• _Work order_: Look for the word "Picture" in the entries and copy each line where it appears.
:: Provided data
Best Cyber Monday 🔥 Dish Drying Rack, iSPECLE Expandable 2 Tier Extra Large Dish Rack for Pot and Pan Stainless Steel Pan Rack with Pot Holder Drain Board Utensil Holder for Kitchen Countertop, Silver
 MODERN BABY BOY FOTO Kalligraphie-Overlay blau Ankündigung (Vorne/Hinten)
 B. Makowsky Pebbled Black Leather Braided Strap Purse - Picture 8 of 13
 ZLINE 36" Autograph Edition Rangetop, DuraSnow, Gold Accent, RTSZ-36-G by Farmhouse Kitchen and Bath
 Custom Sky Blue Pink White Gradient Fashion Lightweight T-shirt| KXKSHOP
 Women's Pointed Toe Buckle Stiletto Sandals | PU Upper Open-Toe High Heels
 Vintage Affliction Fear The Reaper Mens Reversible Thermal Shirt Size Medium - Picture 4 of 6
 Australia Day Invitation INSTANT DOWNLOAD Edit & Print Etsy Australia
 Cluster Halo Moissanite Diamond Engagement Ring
::::
• _Written response_:
 B. Makowsky Pebbled Black Leather Braided Strap Purse - Picture 8 of 13
 Vintage Affliction Fear The Reaper Mens Reversible Thermal Shirt Size Medium - Picture 4 of 6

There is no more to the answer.